=== Data records ===
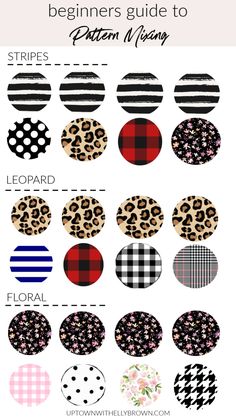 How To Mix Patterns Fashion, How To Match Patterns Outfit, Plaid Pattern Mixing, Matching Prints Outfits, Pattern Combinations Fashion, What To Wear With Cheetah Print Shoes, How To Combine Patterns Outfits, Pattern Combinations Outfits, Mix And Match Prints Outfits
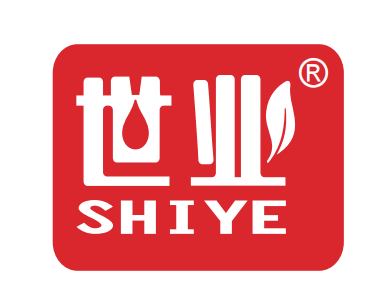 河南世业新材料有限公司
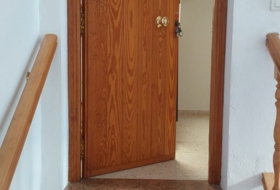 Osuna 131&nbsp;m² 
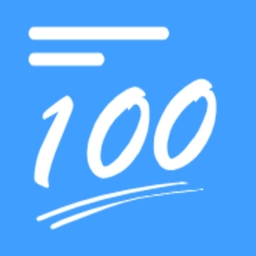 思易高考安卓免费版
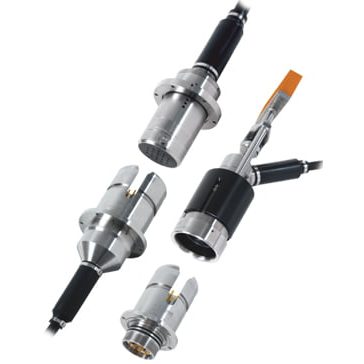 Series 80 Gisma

--

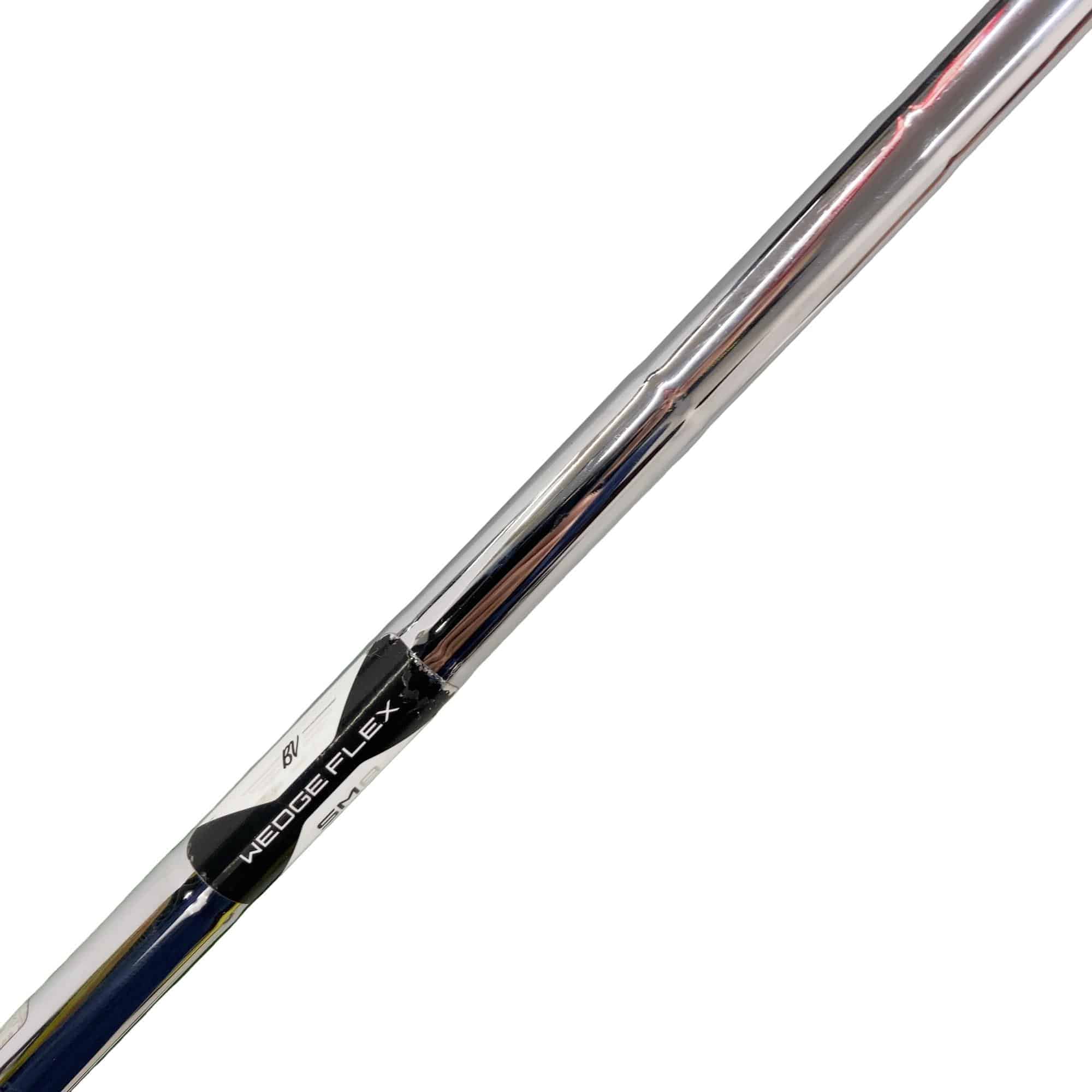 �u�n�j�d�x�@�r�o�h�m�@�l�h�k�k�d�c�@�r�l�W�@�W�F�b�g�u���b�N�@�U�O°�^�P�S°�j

=== What you will do ===
In the listing above, find the line holding "How To Mix Patterns" and the line holding "Series 80 Gisma". Reproduce those two lines and all between them exactly, leaving out pictures.

=== Written reply ===
 How To Mix Patterns Fashion, How To Match Patterns Outfit, Plaid Pattern Mixing, Matching Prints Outfits, Pattern Combinations Fashion, What To Wear With Cheetah Print Shoes, How To Combine Patterns Outfits, Pattern Combinations Outfits, Mix And Match Prints Outfits
 河南世业新材料有限公司
 Osuna 131&nbsp;m² 
 思易高考安卓免费版
 Series 80 Gisma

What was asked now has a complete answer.